Я свидетельствую!..

Близится черная дата 22 июня.
Близится черная дата 22 июня... Все меньше остается участников и очевидцев тех дней. Я пережил оккупацию в Минске и видел, как немцы разрушили мой город.

До войны мама, старший брат и я жили на улице Клары Цеткин в доме N 14, кв. 3. Отец работал на Севере. В этом же доме жили родители мамы, ее сестра с мужем, семья старшего лейтенанта Кременя - работника военкомата, русская семья из 4 человек и еврейская семья из 5 человек. На улице мирно жили семьи белорусов, русских, поляков

и евреев. Мы, дети, играли все вместе. Я ходил в детский сад на этой же улице (здание сохранилось) и до войны успел закончить 1-й класс школы N 12 по улице Мясникова, было мне 8 лет. 22 июня утром по радио сообщили о начале войны. Взрослые ходили встревоженные, многие с противогазными сумками.
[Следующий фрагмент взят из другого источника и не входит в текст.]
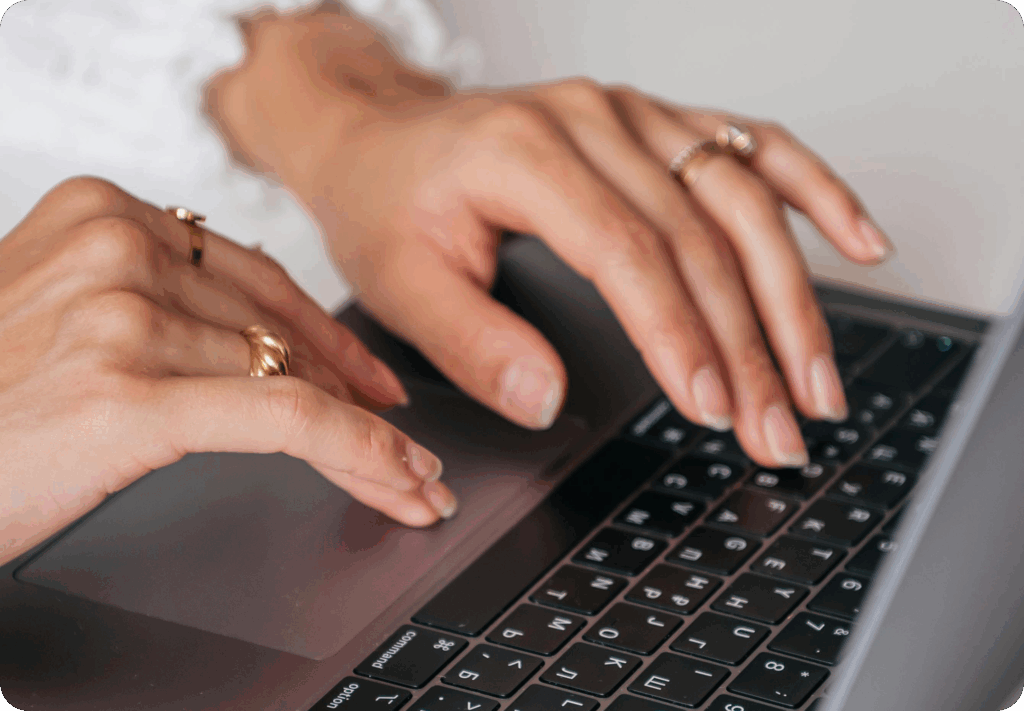 prospective patient with limited mobility typing on keyboard of computer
23 июня рано утром мама быстро разбудила нас с братом: слышались взрывы, стрельба из пушек и пулеметов. Мы спустились в подвал, туда же набились жильцы дома. Разрывы бомб раздавались то далеко, то близко. Та часть улицы, где мы жили, была рядом с центром города. В подвале я впервые услышал проклятия Гитлеру и всем немцам. Сосед провел в погреб радио, и мы слышали в промежутках между налетами предупреждения: "Внимание! Воздушная тревога". Бомбежка 23 июня закончилась часам к пяти вечера. Мама решила, что в погребе опасно: бомба, попав в дом, убьет всех. И на огороде выкопала яму-щель, перекрыла бревнышками и досками, постелила старые дорожки и подстилки. Там мы и прятались в последующие дни. Бомбардировки Минска продолжались 24, 25, 26, 27 июня. Самая страшная была 24 июня - с раннего утра до позднего вечера: в налете участвовало много самолетов.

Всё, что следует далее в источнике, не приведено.